# Model Optimization

Original deep learning model architectures tend to be large and very complex. In many cases,
smaller and simplified versions can be used. They do the job equally well but perform much
better - an 8-bit model will use a fraction of the memory required by an FP64 one. That
is why you should always use a model that is optimized for your use case.

To do so, use [Neural Network Compression Framework (NNCF)](https://docs.openvino.ai/nncf),
a collection of optimization algorithms that make your models smaller and faster. To learn
more about it, check out NNCF documentation and articles on:

:::{line-block}
[Quantization (no retraining)](https://docs.openvino.ai/2025/openvino-workflow/model-optimization-guide/quantizing-models-post-training.html)
     The easiest way to optimize a model, it does not require retraining or fine-tuning, it
     just reduces the model size. Going from an FP64-based model to a quantized INT8 one
     will greatly improve the file size, memory footprint, throughput and latency. It may
     result in a drop in accuracy, though, which is why you should check if this
     accuracy-performance tradeoff is acceptable.

[Weight Compression](https://docs.openvino.ai/2025/openvino-workflow/model-optimization-guide/weight-compression.html)
     An easy-to-use method targeting Large Language Models. It is a type of quantization that
     compresses only part of the model, its weights, not activations. It provides increased
     performance with relatively little impact on accuracy.

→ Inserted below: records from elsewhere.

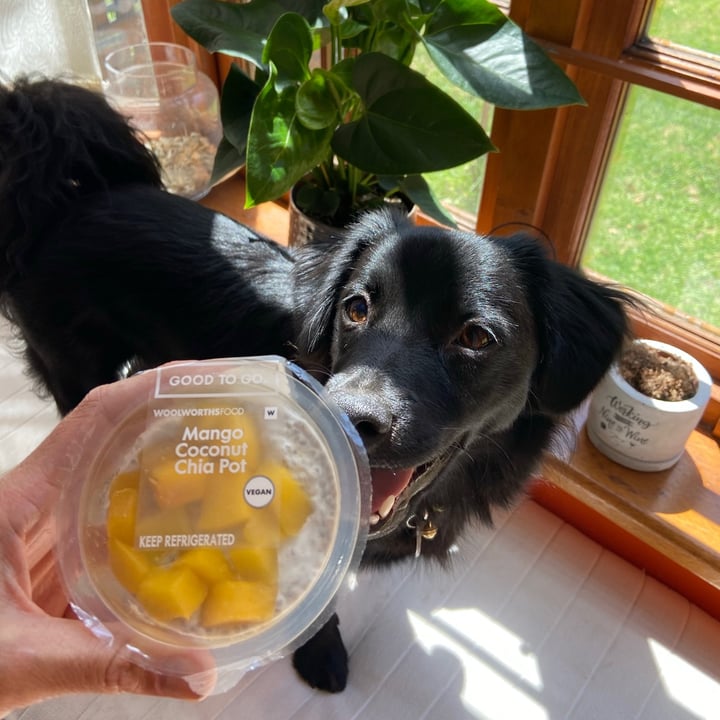 photo of Woolworths Mango coconut chia pot shared by @leighclare29 on  28 Jan 2021 - review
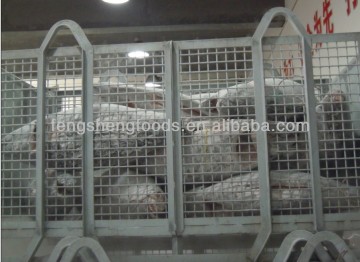 sashimi grade frozen bigeye tuna long line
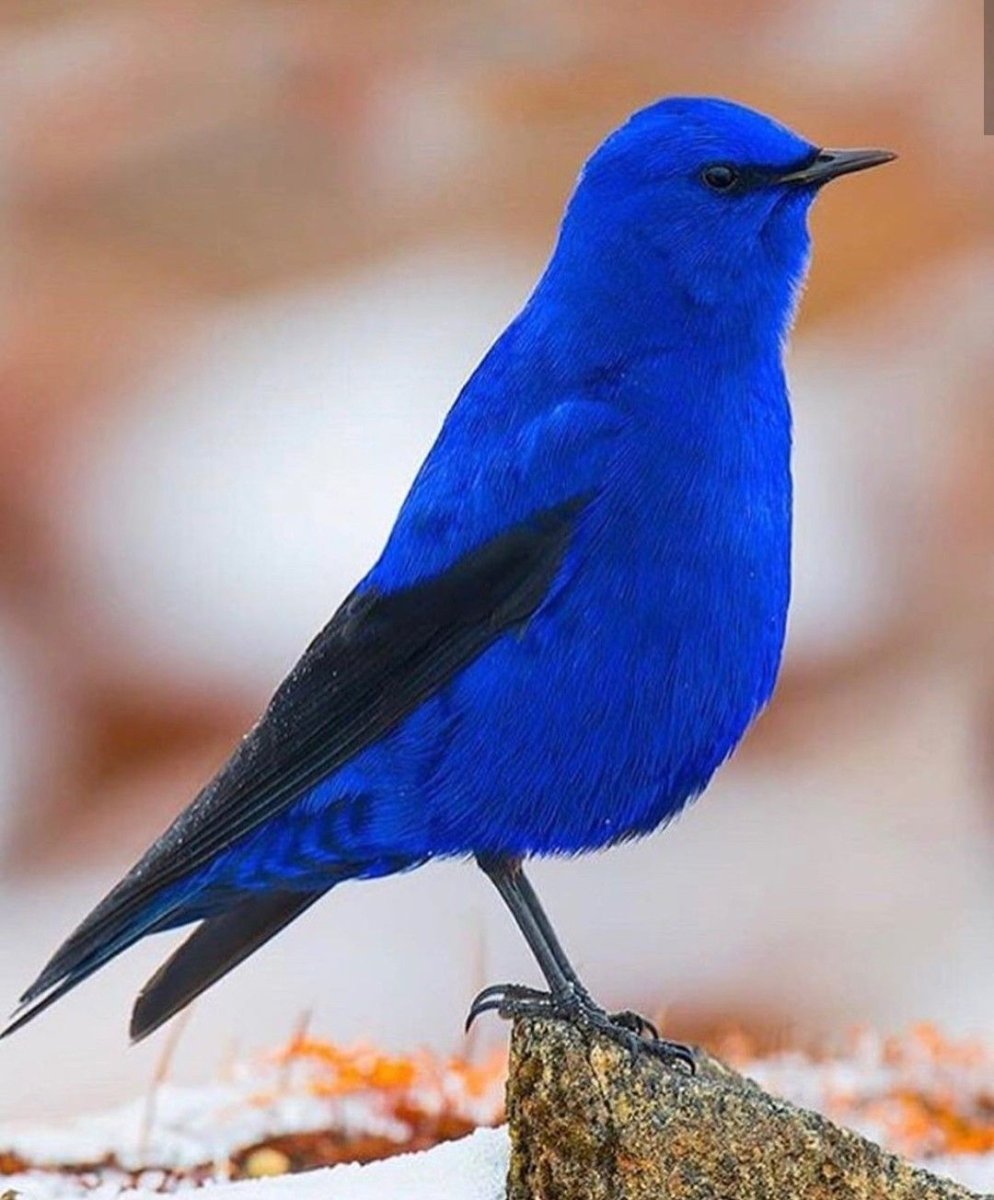 Синий Варан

[Training-time Optimization](https://docs.openvino.ai/2025/openvino-workflow/model-optimization-guide/compressing-models-during-training.html)
     A more complex and time-consuming method involving multiple algorithms that are executed
     while the model is retrained. It also requires the use of the model's original framework,
     for NNCF, it is either PyTorch or TensorFlow. With features such as Structured or
     Unstructured Pruning and Quantization-aware Training, it will give you just the model
     that fits your needs, optimally balancing its performance and accuracy.
:::